Стук в стекло. Сосед по дому, он же сосед по гаражу - Игорек Егоров. В недавнем прошлом - демобилизованный воин. Отношения у нас самые приятельские. В школьные годы, если верить жене, Игорек за ней что-то такое - волочился, одним словом, собака. И вероятно, зря он не продолжил это дело всерьез - сейчас бы я мог быть счастлив, кто знает?

Даю комментарии по ситуации, воспринимаемые им довольно равнодушно. Поначалу уязвляюсь его черствостью, но затем сообщается, что ныне Игорь служащий Госстраха, причем по профилю непосредственно меня волнующему - оценке аварий.

Мне гарантируется полное возмещение убытков. После же осмотра так называемых скрытых повреждений первоначально намеченная сумма компенсации волшебно удваивается. Если настроение человеческое и мое, в частности, измерять приборами, то стрелки их, заклиненные в нуле, резво бы поднялись вверх.

- Теперь ремонт, - говорит Игорь, лузгая семечки. - Крыло правится, панель тянется, бампер покупается, крышка багажника меняется, краска белая имеется. Два дня работы, готовь три сотни.

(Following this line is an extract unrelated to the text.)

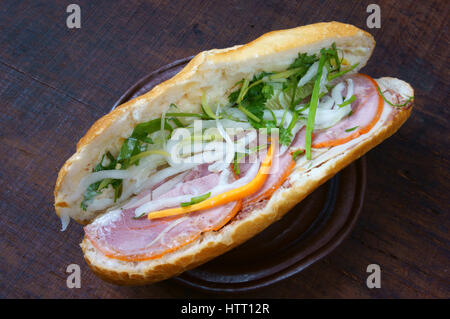 Vietnamesische Speisen, Banh mi Thit Nguoi - ist berühmt, populär Vietnam Gericht, Brot Fiiled mit Scheibe Schweinefleisch, Pastete, Vietnamesische Wurst und Gemüse wie: Karotten, Stockfoto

Выходит, от аварии я не пострадал, а напротив. Благодетель сосед доставляется мною в свою страховую контору, а сам я, скрываясь от постовых в дружном потоке автотранспорта, следую на радио.

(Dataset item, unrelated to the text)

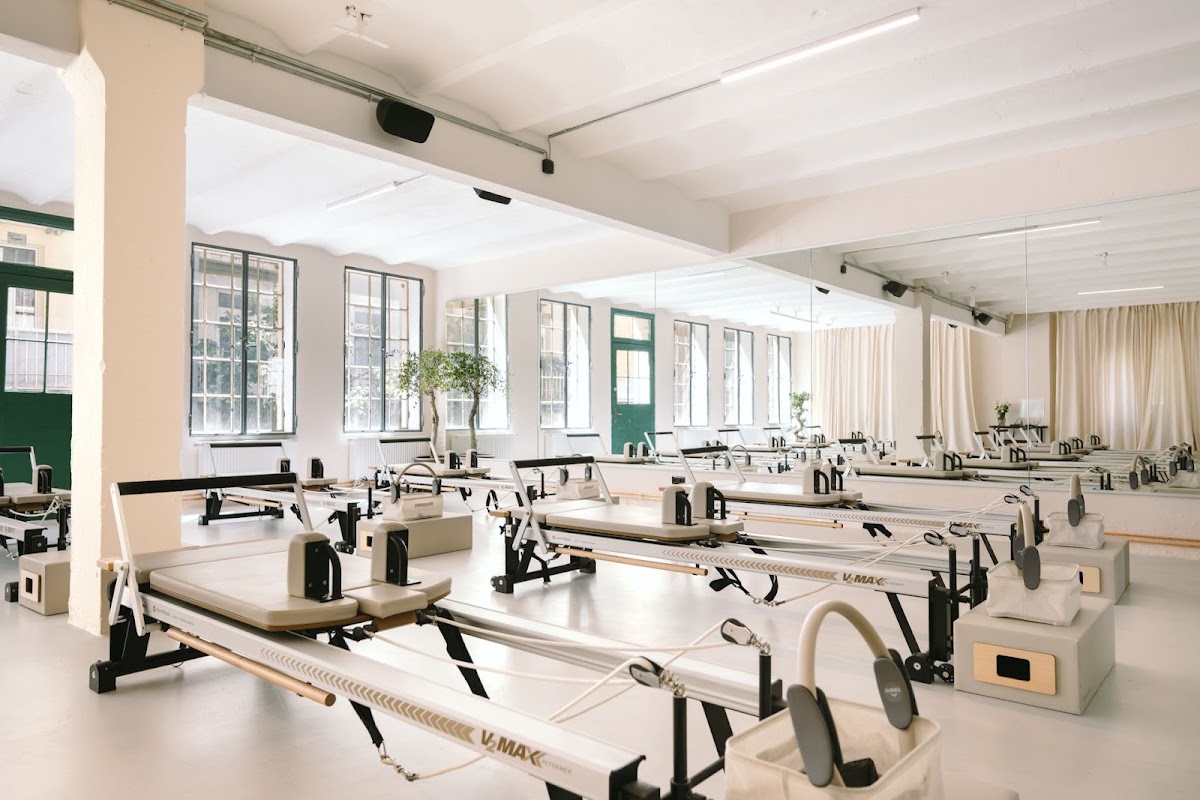 The Frame | Reformer Pilates | Hamburg - Photo 2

Посередине проспекта торчит машина ГАИ, но инспекторы внимания на меня не обращают, занимаясь другими бедолагами, сокрушенно топчущимися возле столкнувшихся автомобилей. Одна машина, успеваю заметить, имеет номер серии МНИ - в нее врезались, другая - МНУ. Этот автодорожный казус выжимает из меня первую за день улыбочку.

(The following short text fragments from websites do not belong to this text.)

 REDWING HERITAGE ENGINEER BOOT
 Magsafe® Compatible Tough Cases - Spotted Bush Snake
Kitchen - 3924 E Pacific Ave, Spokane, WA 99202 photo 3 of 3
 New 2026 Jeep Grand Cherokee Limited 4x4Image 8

На радио получаю пропуск в окошечке и поднимаюсь к Сержику Трюфину. Мы сразу идем в буфет, берем по чашечке кофе, обсуждаем, что придется, выкуриваем по паре сигарет на черной лестнице, где заодно происходит и читка моей свежеиспеченной передачки. Вымарывается две фразы, где фигурируют термины "хрустальная люстра" и "колбаса". Термины, посвящает меня Сержик в служебный секрет, находятся в списке запрещенных радиотелевизионной цензурой тем. Хрусталь - это, дескать, пропаганда роскоши и мещанства, неприемлемых для строителей коммунизма, а колбасы в стране не хватает, и потому возможны негативные подсознательные реакции у множества слушателей, кому колбасу заменяет картошка. Кстати, кормят на радио буквально за гроши так, как на месячную зарплату идеологического работника Сержика не пообедаешь в самых роскошных ресторанах. Лично я, дабы перекусить в здешней ведомственной столовой, порой пилю через весь город, пару раз в неделю устраивая себе пиры горой.